[AIM OF THE TASK] Pictures are to be left out, but please repeat each record exactly.

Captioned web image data
○ ○ ○ ○ ○ ○ ○

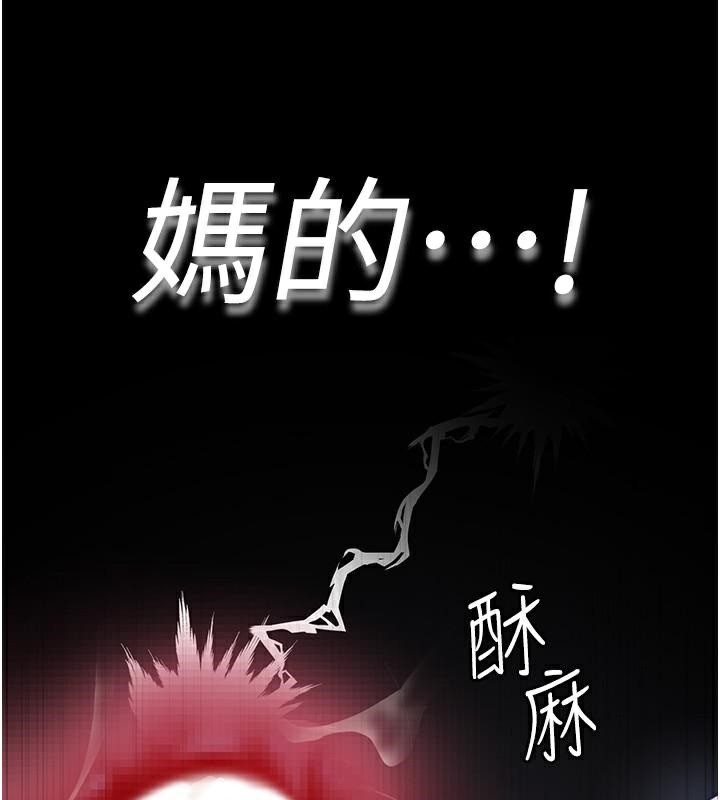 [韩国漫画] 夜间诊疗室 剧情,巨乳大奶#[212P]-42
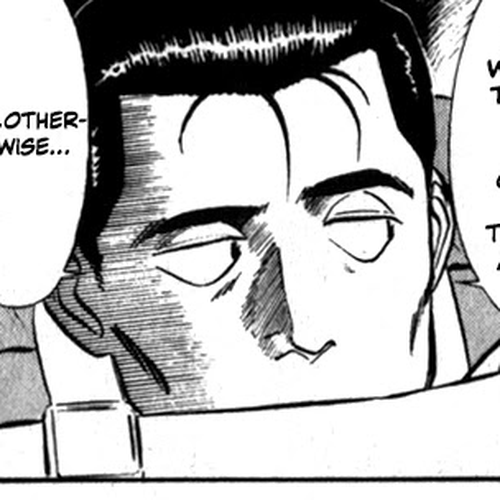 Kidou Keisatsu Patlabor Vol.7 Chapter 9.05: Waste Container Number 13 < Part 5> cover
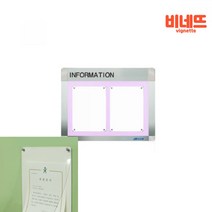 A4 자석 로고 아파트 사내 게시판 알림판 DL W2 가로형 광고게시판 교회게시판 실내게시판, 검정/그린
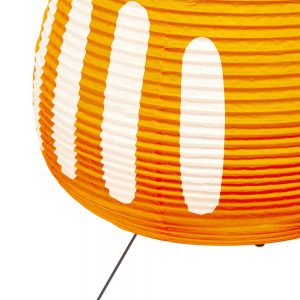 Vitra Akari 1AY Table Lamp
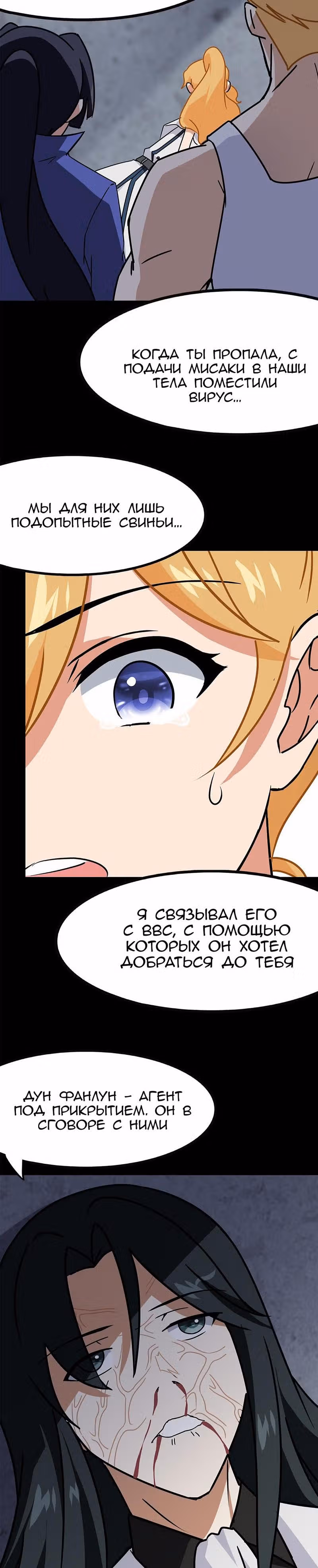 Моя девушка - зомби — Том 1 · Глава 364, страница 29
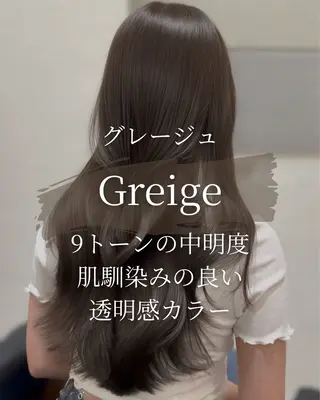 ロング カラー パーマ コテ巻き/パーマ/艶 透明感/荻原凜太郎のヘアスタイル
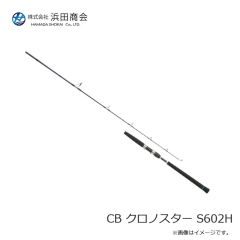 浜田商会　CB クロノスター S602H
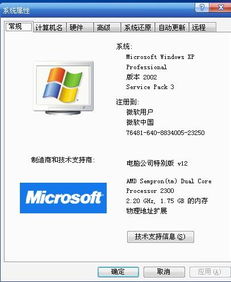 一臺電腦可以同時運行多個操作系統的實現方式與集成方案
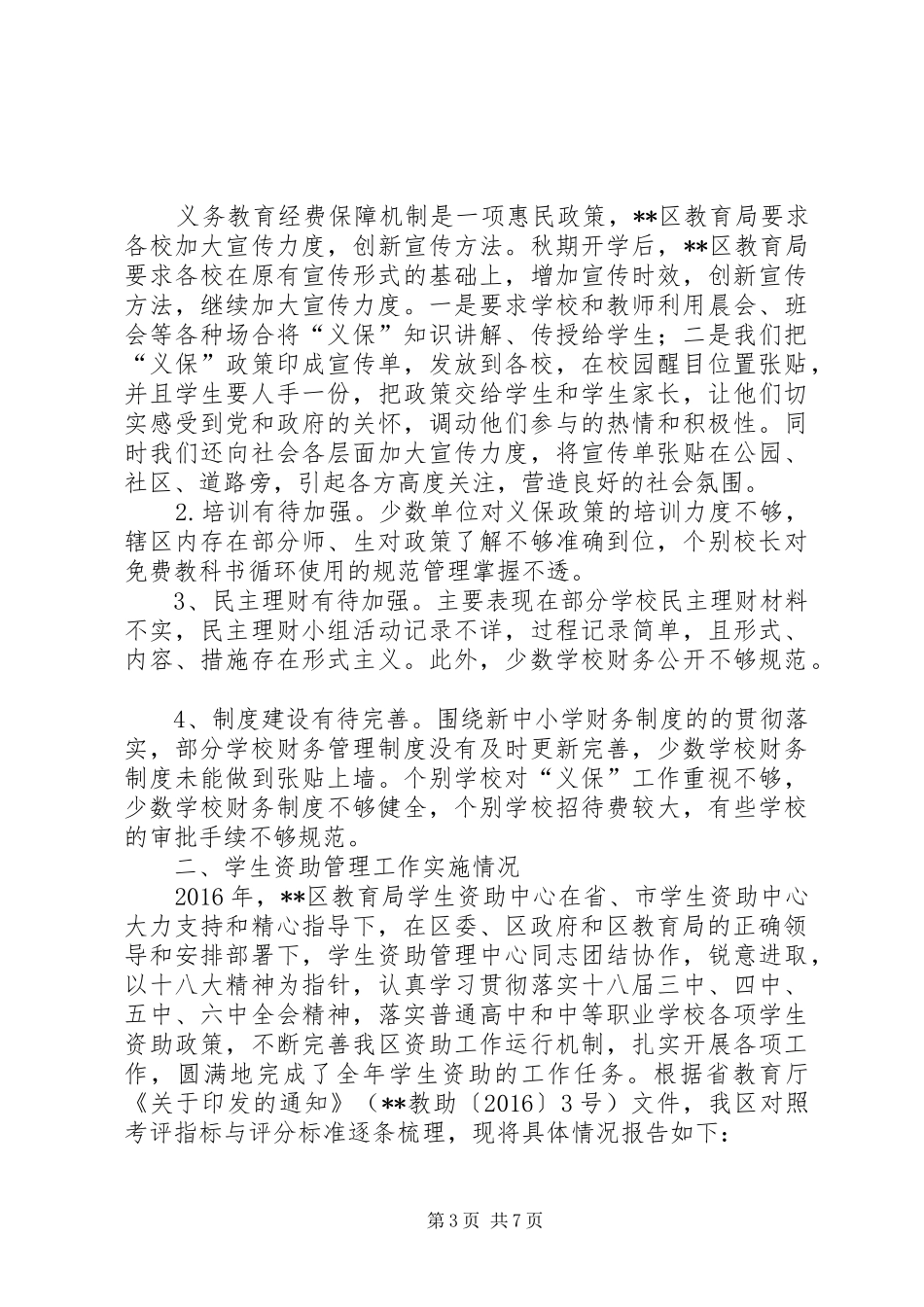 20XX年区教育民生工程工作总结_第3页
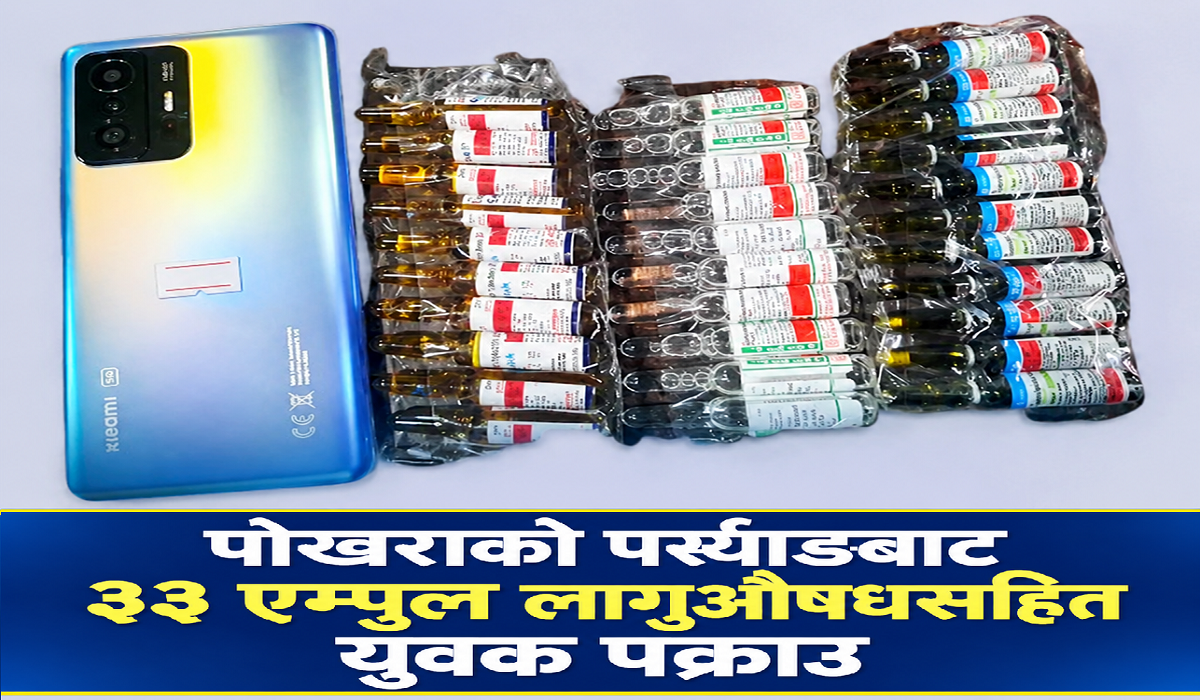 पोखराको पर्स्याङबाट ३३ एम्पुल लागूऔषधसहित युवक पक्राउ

○ ○ ○ ○ ○ ○ ○

[EXERCISE SOLUTION]
 [韩国漫画] 夜间诊疗室 剧情,巨乳大奶#[212P]-42
 Kidou Keisatsu Patlabor Vol.7 Chapter 9.05: Waste Container Number 13 < Part 5> cover
 A4 자석 로고 아파트 사내 게시판 알림판 DL W2 가로형 광고게시판 교회게시판 실내게시판, 검정/그린
 Vitra Akari 1AY Table Lamp
 Моя девушка - зомби — Том 1 · Глава 364, страница 29
 ロング カラー パーマ コテ巻き/パーマ/艶 透明感/荻原凜太郎のヘアスタイル
 浜田商会　CB クロノスター S602H
 一臺電腦可以同時運行多個操作系統的實現方式與集成方案
 20XX年区教育民生工程工作总结_第3页
 पोखराको पर्स्याङबाट ३३ एम्पुल लागूऔषधसहित युवक पक्राउ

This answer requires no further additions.